== Task input ==
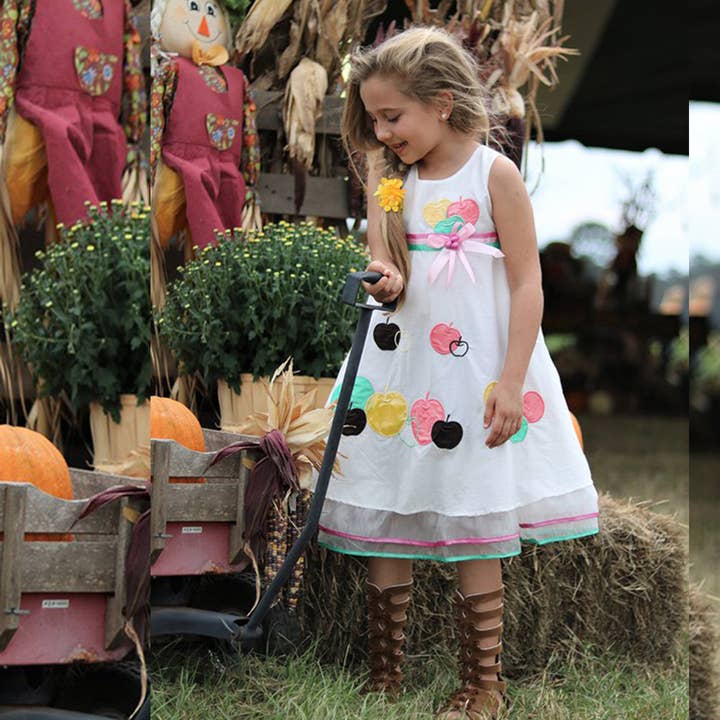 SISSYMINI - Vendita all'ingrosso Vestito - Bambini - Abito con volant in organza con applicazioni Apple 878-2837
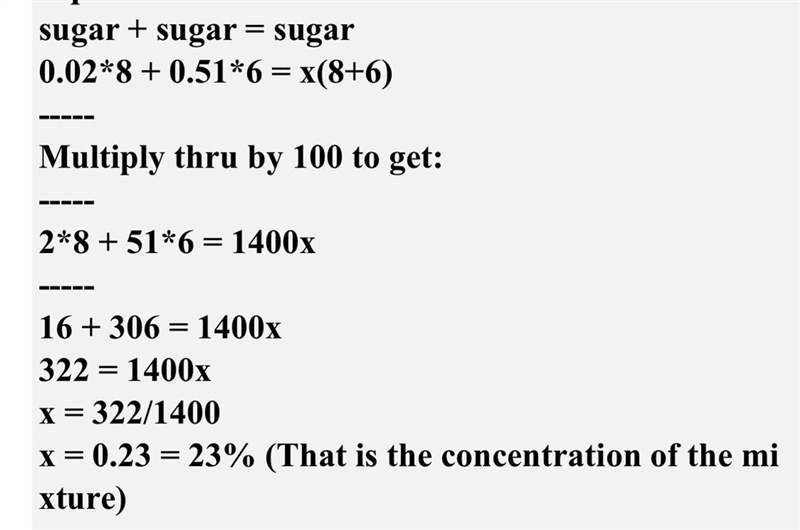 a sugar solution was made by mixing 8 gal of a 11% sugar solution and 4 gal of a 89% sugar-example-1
===
== Task input ==
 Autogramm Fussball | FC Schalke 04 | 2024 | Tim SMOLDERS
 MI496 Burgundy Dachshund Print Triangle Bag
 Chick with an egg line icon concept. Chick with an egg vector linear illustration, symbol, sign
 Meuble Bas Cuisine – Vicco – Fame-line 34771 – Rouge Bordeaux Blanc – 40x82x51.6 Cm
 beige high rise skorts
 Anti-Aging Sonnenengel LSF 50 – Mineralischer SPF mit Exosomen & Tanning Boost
===
* [Work to be completed] Above are some records; quote exactly and only the lines that begin at the line containing "SISSYMINI - Vendita" and stop after the line containing "a sugar solution", leaving out the pictures.

* [Response to the exercise]
 SISSYMINI - Vendita all'ingrosso Vestito - Bambini - Abito con volant in organza con applicazioni Apple 878-2837
 a sugar solution was made by mixing 8 gal of a 11% sugar solution and 4 gal of a 89% sugar-example-1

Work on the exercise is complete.